■ **INPUT DATA**
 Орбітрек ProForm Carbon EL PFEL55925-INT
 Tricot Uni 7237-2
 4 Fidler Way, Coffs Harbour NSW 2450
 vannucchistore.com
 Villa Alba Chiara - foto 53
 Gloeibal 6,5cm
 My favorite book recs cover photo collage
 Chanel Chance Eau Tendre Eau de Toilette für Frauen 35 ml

---

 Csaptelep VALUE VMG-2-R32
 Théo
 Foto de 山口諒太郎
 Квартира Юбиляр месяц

■ **WHAT YOU NEED TO DO**
Would you output, from the records above, exactly the run of lines that starts at the line containing "Орбітрек ProForm Carbon EL PFEL55925-INT" and ends at the line containing "Chanel Chance Eau", and only that run?

■ **SOLUTION BELOW**
 Орбітрек ProForm Carbon EL PFEL55925-INT
 Tricot Uni 7237-2
 4 Fidler Way, Coffs Harbour NSW 2450
 vannucchistore.com
 Villa Alba Chiara - foto 53
 Gloeibal 6,5cm
 My favorite book recs cover photo collage
 Chanel Chance Eau Tendre Eau de Toilette für Frauen 35 ml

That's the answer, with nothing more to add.